**Problem to solve**
Look below for the line with "Industrial Silver Metal Wall Sconce - AFS"; begin the copy there and stop after the line with "Fossil Caves map, Beholders", keeping the text exact and the pictures out.

**Material for the task**
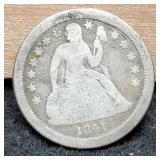 1841-O Liberty Seated Dime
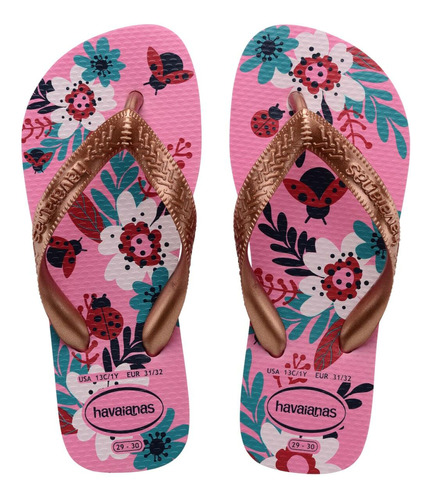 Ojotas Havaianas Kids Flores Niños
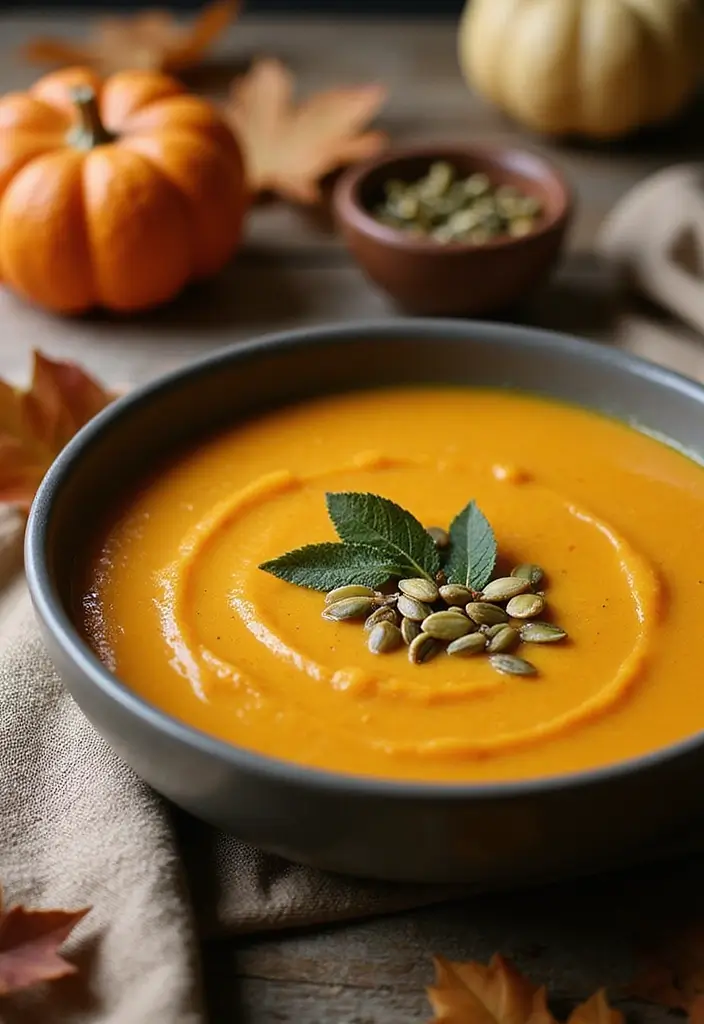 26 Gluten-Free Winter Meals for Comfort and Warmth - 24. Pumpkin and Sage Soup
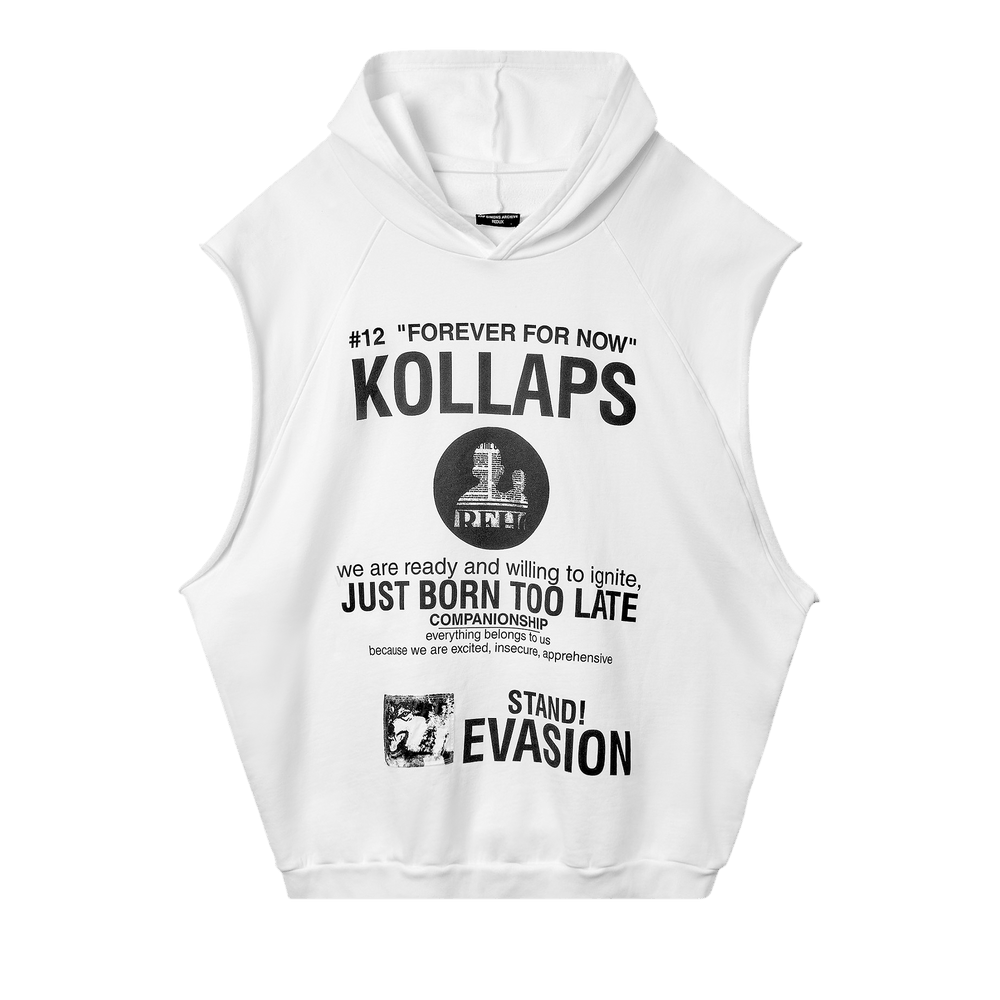 RAF SIMONS KOLLAPS ノースリーブ スウェット パーカ １ RAF SIMONS KOLLAPS ノースリーブ スウェット パーカ 1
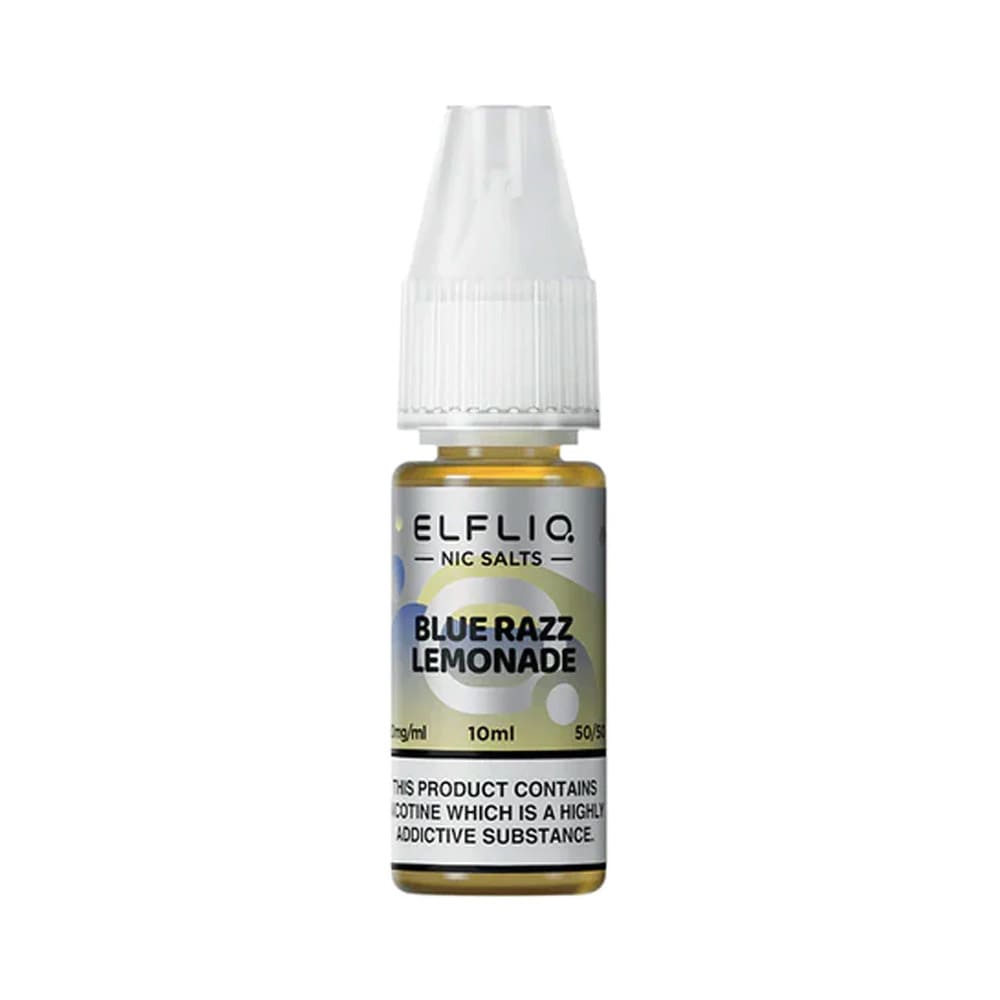 ELFLIQ Blue Razz Lemonade 10ml nicotine salt e-liquid bottle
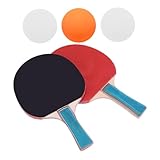 ELAYARD Leichtes Tischtennisschläger für Erwachsene rutschfeste Bälle Langlebiges Trainings und für Drinnen und Draußen Fördert Reaktion und Koordination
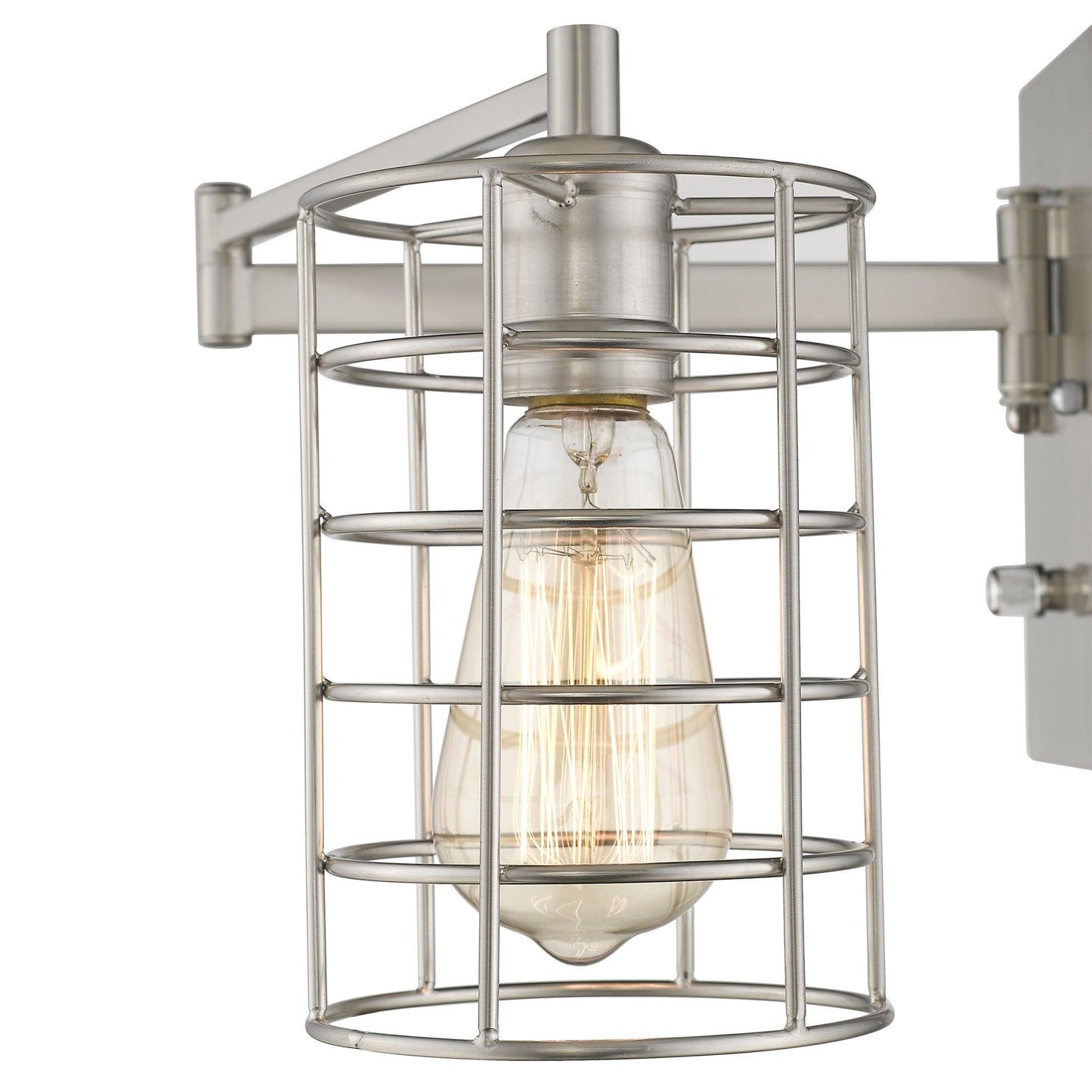 Industrial Silver Metal Wall Sconce - AFS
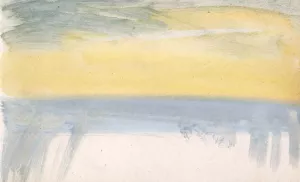 The Channel Sketchbook 13 by Joseph Mallord William Turner Oil Painting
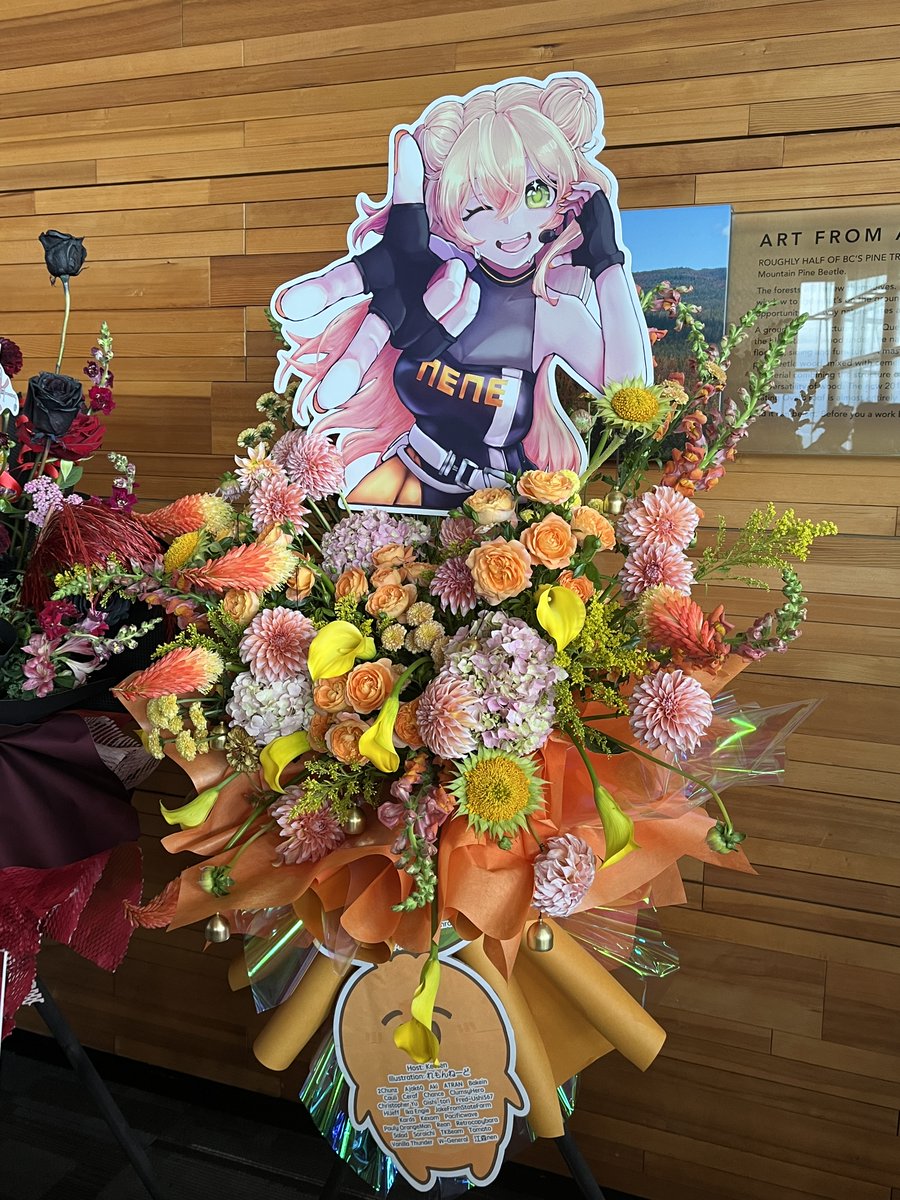 Thank you for the awesome cheers, Vancouver❣️
Let’s shake off the weird vibes and have fun in today’s karaoke stream!
I really want to visit you again!
お花もありがとう🌸

 #hololiveSTAGE25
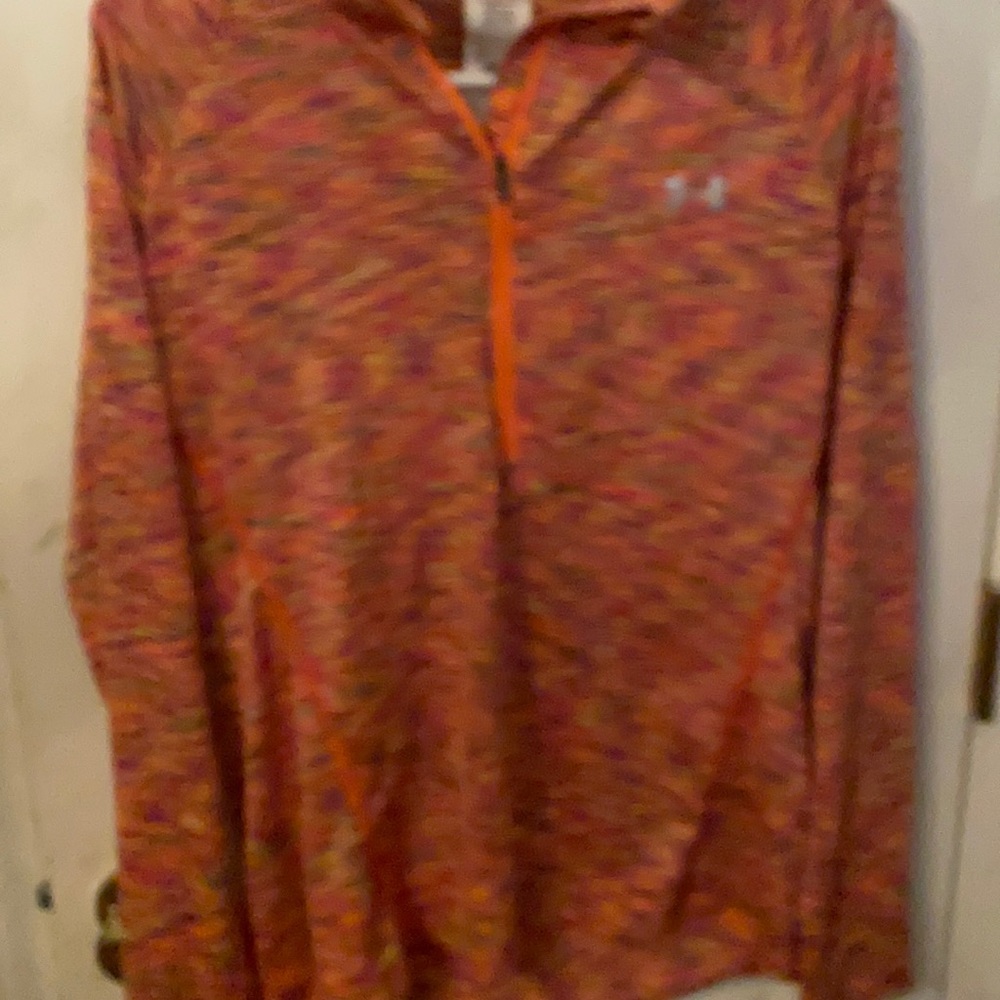 Under armor half zip silky shirt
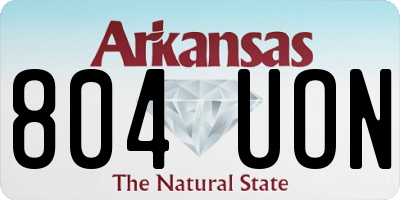 AR license plate 804UON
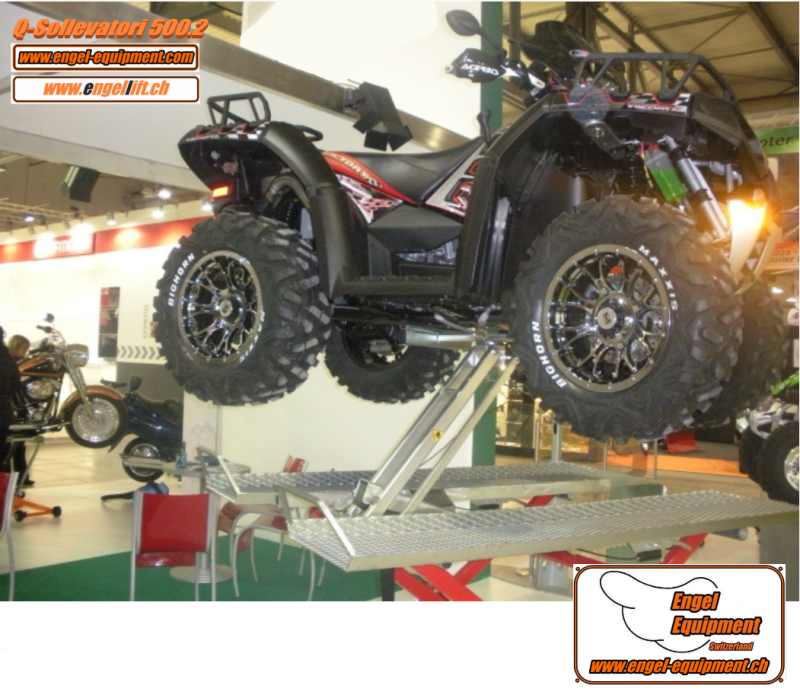 ENGELLIFT Q-SOLLEVATORI 500 ; QUADLIFT, ÉLÉVATEUR QUAD, SIDE-BY-SIDE, ÉLÉVATEUR POUR ENGINS À MOTEUR, ÉLÉVATEUR POUR TRACTEURS À GAZON., AVEC SECONDSTAGE HUB. (3)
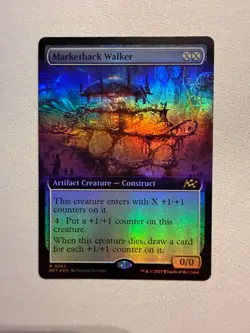 Marketback Walker (Extended Art Foil) - MTG Aetherdrift (DFT) #393 NM - Image 1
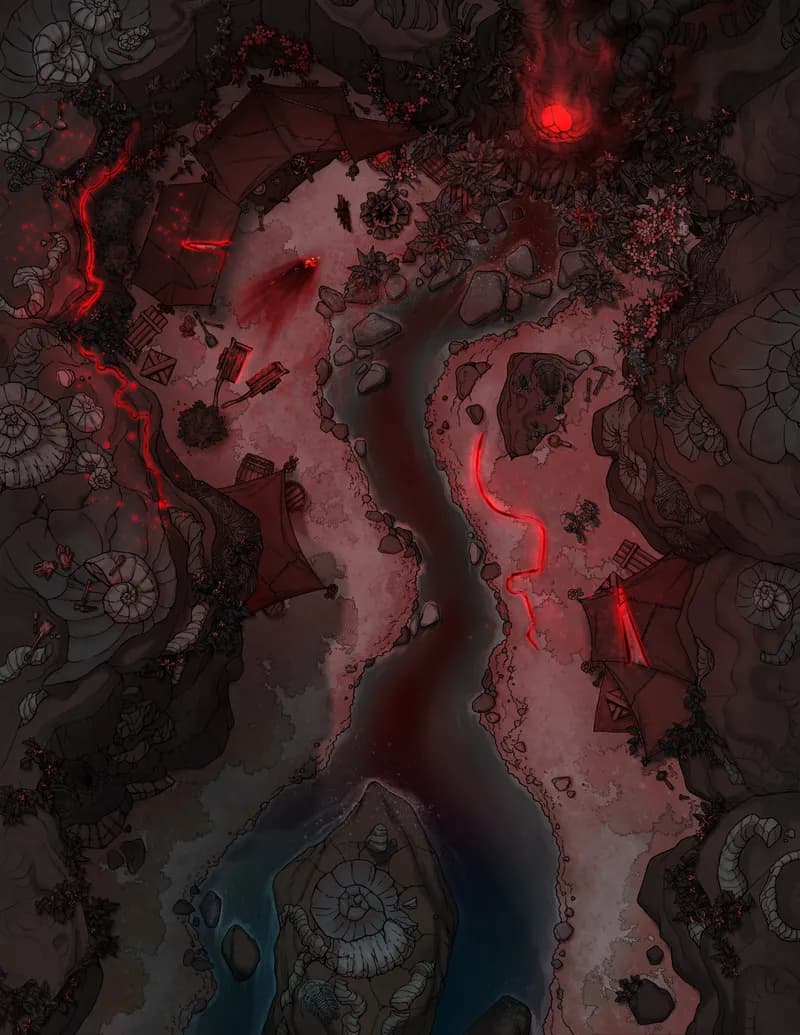 Fossil Caves map, Beholders Rage No Laser variant thumbnail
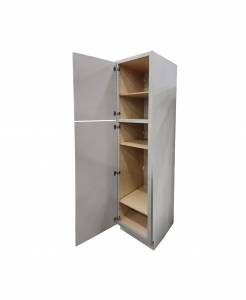 Glazed Grey Linen Cabinet – Closeout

**Solution to this problem**
 Industrial Silver Metal Wall Sconce - AFS
 The Channel Sketchbook 13 by Joseph Mallord William Turner Oil Painting
 Thank you for the awesome cheers, Vancouver❣️
Let’s shake off the weird vibes and have fun in today’s karaoke stream!
I really want to visit you again!
お花もありがとう🌸

 #hololiveSTAGE25
 Under armor half zip silky shirt
 AR license plate 804UON
 ENGELLIFT Q-SOLLEVATORI 500 ; QUADLIFT, ÉLÉVATEUR QUAD, SIDE-BY-SIDE, ÉLÉVATEUR POUR ENGINS À MOTEUR, ÉLÉVATEUR POUR TRACTEURS À GAZON., AVEC SECONDSTAGE HUB. (3)
 Marketback Walker (Extended Art Foil) - MTG Aetherdrift (DFT) #393 NM - Image 1
 Fossil Caves map, Beholders Rage No Laser variant thumbnail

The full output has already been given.